Xenophobia widespread among German youth

Xenophobia widespread among German youth
A rally in Berlin for far-right youth centre in 2008. Photo: DPA
A new study released this week shows xenophobic attitudes are widespread among German youth and many of the country’s teenagers have far-right extremist and anti-Semitic leanings.

German Interior Minister Wolfgang Schäuble said he was “shocked” by the findings of a survey on youth violence, even though the survey showed it to be on the decline.

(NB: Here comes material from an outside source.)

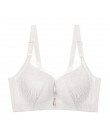 Sexy głębokie V biustonosz duże rozmiary pełne pokrycie biustonosze biustonosz push-up kwiecista koronka nieusztywniany Lingerie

Presented by Christian Pfeiffer from Lower Saxony’s institute for criminology, the study found 14.4 percent – or roughly one in seven of the German 15-year-olds surveyed – held strongly xenophobic views. Nearly five percent of the boys and 2.6 percent of the girls even admitted to belonging to a far-right extremist group.

“This has to wake us up to the fact that a higher percentage of boys in west and east Germany have been pulled into the wake of the far-right,” Pfeiffer said at a press conference in Berlin on Tuesday.

Almost a third of German youth agreed with the statement: “There are too many foreigners in Germany.” And nearly 40 percent believed most foreigners were criminals.

More than five percent of those surveyed showed strongly anti-Semitic attitudes.

The study polled some 45,000 youths with an average age of 15 in 2007 and 2008 across Germany.